*** Opening of Material for this task ***

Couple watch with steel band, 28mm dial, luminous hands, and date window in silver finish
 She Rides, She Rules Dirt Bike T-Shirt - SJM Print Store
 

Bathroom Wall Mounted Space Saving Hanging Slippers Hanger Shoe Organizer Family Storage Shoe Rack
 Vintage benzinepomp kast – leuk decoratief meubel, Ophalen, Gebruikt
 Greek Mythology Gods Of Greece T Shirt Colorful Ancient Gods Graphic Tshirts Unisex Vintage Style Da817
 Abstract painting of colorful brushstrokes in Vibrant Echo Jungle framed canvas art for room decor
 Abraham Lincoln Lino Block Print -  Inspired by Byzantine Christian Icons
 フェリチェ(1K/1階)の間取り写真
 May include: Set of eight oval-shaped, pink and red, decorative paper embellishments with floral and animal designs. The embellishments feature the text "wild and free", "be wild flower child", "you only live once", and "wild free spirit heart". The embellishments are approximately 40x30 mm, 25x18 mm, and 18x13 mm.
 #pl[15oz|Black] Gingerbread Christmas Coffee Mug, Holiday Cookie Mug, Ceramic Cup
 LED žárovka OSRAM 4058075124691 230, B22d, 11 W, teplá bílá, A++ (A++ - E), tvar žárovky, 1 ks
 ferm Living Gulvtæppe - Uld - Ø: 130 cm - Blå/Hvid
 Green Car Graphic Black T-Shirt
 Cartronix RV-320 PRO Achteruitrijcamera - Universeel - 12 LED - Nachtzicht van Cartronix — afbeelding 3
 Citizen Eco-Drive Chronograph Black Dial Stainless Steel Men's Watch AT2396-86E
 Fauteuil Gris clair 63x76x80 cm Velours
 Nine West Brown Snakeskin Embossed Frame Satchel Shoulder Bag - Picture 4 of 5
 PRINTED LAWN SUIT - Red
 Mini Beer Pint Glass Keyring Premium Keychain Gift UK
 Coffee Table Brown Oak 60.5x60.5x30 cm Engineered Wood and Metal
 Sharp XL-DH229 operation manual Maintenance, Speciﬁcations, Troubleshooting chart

*** Close of Material for this task ***

Repeat the entries above exactly, leaving nothing out.

Couple watch with steel band, 28mm dial, luminous hands, and date window in silver finish
 She Rides, She Rules Dirt Bike T-Shirt - SJM Print Store
 

Bathroom Wall Mounted Space Saving Hanging Slippers Hanger Shoe Organizer Family Storage Shoe Rack
 Vintage benzinepomp kast – leuk decoratief meubel, Ophalen, Gebruikt
 Greek Mythology Gods Of Greece T Shirt Colorful Ancient Gods Graphic Tshirts Unisex Vintage Style Da817
 Abstract painting of colorful brushstrokes in Vibrant Echo Jungle framed canvas art for room decor
 Abraham Lincoln Lino Block Print -  Inspired by Byzantine Christian Icons
 フェリチェ(1K/1階)の間取り写真
 May include: Set of eight oval-shaped, pink and red, decorative paper embellishments with floral and animal designs. The embellishments feature the text "wild and free", "be wild flower child", "you only live once", and "wild free spirit heart". The embellishments are approximately 40x30 mm, 25x18 mm, and 18x13 mm.
 #pl[15oz|Black] Gingerbread Christmas Coffee Mug, Holiday Cookie Mug, Ceramic Cup
 LED žárovka OSRAM 4058075124691 230, B22d, 11 W, teplá bílá, A++ (A++ - E), tvar žárovky, 1 ks
 ferm Living Gulvtæppe - Uld - Ø: 130 cm - Blå/Hvid
 Green Car Graphic Black T-Shirt
 Cartronix RV-320 PRO Achteruitrijcamera - Universeel - 12 LED - Nachtzicht van Cartronix — afbeelding 3
 Citizen Eco-Drive Chronograph Black Dial Stainless Steel Men's Watch AT2396-86E
 Fauteuil Gris clair 63x76x80 cm Velours
 Nine West Brown Snakeskin Embossed Frame Satchel Shoulder Bag - Picture 4 of 5
 PRINTED LAWN SUIT - Red
 Mini Beer Pint Glass Keyring Premium Keychain Gift UK
 Coffee Table Brown Oak 60.5x60.5x30 cm Engineered Wood and Metal
 Sharp XL-DH229 operation manual Maintenance, Speciﬁcations, Troubleshooting chart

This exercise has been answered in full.